● **WHAT NEEDS TO BE DONE**:
Only the lines below starting at the one containing "Take this vehicle" and ending at the one containing "In the event" belong in the answer, each copied exactly.

● **RECORD EXTRACTS**:

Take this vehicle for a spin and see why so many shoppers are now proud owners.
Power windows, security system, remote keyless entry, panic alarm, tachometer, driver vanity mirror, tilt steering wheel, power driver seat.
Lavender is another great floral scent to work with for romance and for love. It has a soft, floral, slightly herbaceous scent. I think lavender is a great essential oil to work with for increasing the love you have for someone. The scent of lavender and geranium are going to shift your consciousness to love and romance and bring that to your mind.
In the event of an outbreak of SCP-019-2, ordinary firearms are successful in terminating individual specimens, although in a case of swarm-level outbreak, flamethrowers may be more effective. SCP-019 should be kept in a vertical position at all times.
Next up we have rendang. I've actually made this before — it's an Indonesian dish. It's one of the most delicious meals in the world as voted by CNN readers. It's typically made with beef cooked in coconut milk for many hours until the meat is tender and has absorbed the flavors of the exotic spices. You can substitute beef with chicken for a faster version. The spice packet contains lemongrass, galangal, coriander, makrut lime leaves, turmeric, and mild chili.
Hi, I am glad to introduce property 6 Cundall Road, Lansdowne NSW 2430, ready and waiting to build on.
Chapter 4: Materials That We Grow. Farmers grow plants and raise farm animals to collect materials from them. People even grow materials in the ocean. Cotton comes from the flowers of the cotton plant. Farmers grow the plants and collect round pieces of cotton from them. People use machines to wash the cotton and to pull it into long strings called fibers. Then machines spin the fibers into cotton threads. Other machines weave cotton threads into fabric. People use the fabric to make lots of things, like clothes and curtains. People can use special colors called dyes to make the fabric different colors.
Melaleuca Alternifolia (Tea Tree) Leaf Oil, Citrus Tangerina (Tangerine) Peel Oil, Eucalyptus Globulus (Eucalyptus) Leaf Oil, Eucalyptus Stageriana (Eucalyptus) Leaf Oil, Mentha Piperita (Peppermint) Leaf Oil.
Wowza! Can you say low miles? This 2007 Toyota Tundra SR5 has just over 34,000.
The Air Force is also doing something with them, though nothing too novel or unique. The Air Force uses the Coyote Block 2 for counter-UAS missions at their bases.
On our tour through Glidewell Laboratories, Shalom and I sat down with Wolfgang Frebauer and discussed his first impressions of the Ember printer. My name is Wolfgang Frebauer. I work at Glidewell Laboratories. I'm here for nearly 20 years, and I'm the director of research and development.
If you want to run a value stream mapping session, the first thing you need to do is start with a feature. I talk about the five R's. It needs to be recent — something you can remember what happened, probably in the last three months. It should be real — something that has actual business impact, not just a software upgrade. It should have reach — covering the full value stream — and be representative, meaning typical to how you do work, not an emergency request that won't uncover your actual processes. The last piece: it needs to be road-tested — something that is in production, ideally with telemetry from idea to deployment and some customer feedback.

==

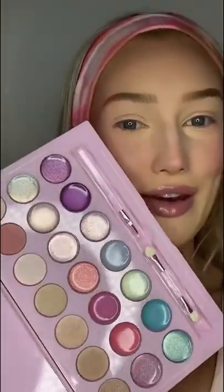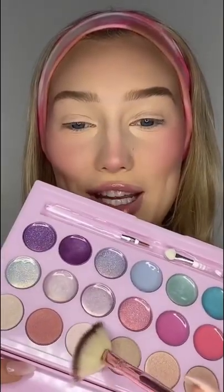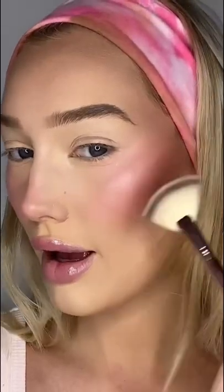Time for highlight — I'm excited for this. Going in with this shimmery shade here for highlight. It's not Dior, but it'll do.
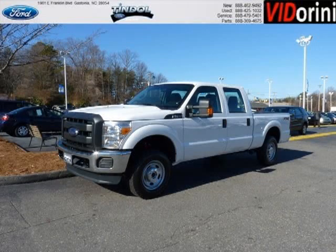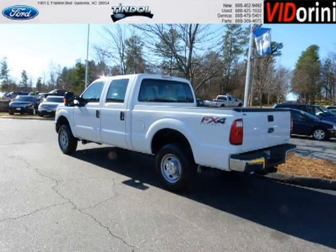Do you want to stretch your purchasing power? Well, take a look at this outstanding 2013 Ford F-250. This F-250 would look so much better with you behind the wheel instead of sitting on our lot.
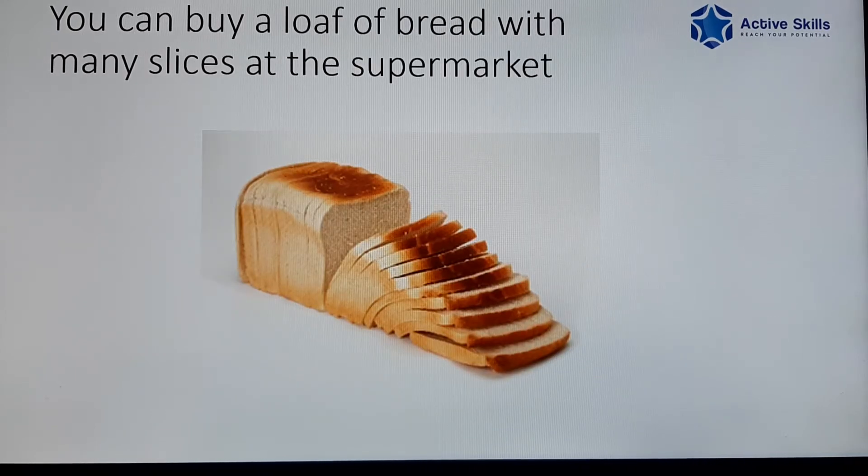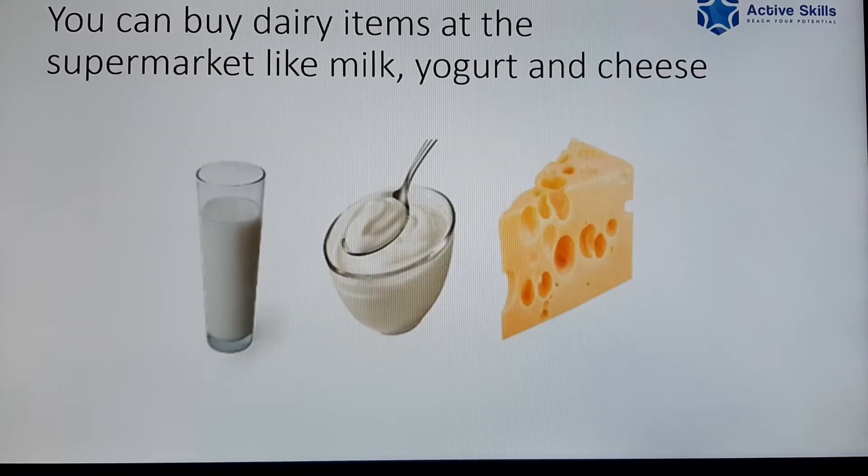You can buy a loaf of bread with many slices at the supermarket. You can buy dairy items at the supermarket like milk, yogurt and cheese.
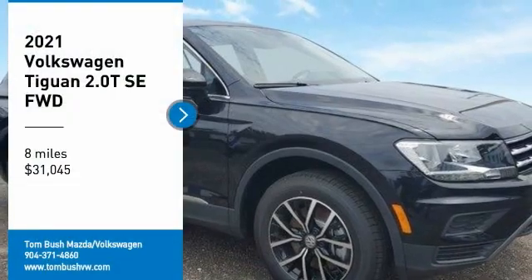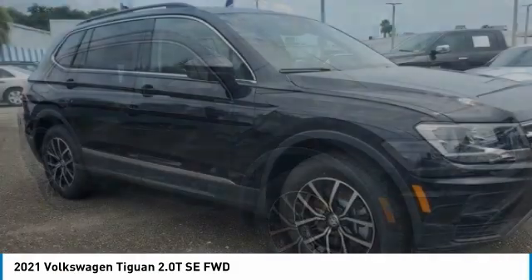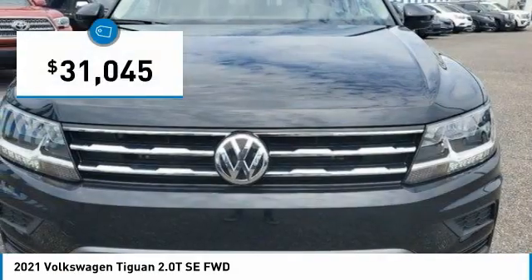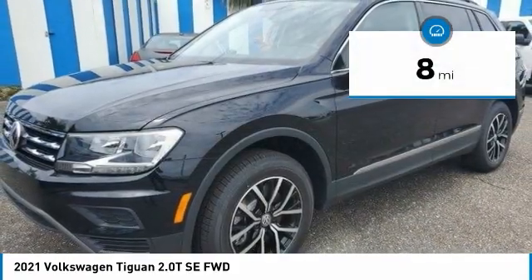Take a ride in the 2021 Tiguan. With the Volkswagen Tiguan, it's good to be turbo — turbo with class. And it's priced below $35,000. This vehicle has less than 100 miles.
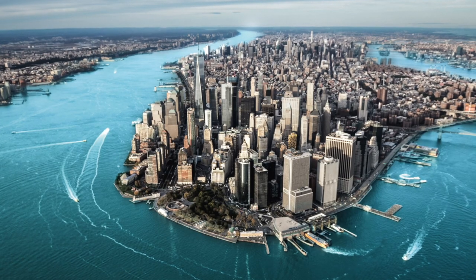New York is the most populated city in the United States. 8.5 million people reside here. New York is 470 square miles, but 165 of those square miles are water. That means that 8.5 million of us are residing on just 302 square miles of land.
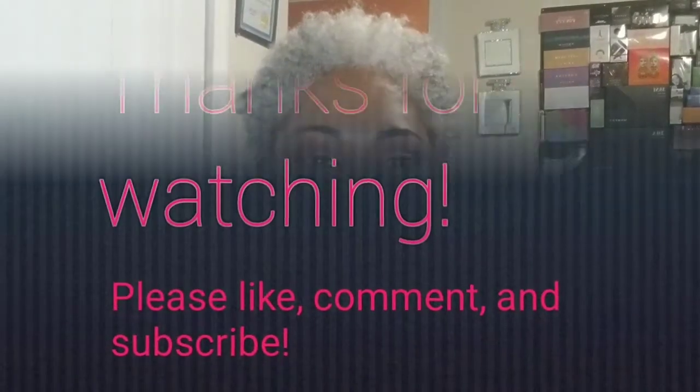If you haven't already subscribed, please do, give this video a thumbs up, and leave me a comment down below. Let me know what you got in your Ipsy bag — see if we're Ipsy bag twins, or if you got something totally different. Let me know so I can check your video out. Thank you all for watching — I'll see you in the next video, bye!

---

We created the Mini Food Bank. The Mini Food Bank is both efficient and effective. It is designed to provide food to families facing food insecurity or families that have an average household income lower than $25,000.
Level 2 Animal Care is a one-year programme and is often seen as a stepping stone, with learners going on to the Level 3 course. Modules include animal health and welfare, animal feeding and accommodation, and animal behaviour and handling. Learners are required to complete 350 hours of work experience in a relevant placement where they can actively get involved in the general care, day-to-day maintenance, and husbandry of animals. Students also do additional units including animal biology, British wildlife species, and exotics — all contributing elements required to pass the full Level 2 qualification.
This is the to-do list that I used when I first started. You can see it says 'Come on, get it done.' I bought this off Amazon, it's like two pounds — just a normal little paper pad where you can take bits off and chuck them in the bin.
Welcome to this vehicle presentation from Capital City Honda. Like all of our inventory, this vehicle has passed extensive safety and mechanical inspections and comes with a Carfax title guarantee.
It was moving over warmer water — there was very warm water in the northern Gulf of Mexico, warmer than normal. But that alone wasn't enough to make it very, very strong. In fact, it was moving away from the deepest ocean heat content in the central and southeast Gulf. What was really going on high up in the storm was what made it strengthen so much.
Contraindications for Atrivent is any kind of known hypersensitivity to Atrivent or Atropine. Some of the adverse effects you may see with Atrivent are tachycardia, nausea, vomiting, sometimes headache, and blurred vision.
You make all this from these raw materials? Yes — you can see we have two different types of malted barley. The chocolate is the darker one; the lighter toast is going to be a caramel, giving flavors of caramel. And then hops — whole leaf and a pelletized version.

● **REPLY TO THE EXERCISE**:
Take this vehicle for a spin and see why so many shoppers are now proud owners.
Power windows, security system, remote keyless entry, panic alarm, tachometer, driver vanity mirror, tilt steering wheel, power driver seat.
Lavender is another great floral scent to work with for romance and for love. It has a soft, floral, slightly herbaceous scent. I think lavender is a great essential oil to work with for increasing the love you have for someone. The scent of lavender and geranium are going to shift your consciousness to love and romance and bring that to your mind.
In the event of an outbreak of SCP-019-2, ordinary firearms are successful in terminating individual specimens, although in a case of swarm-level outbreak, flamethrowers may be more effective. SCP-019 should be kept in a vertical position at all times.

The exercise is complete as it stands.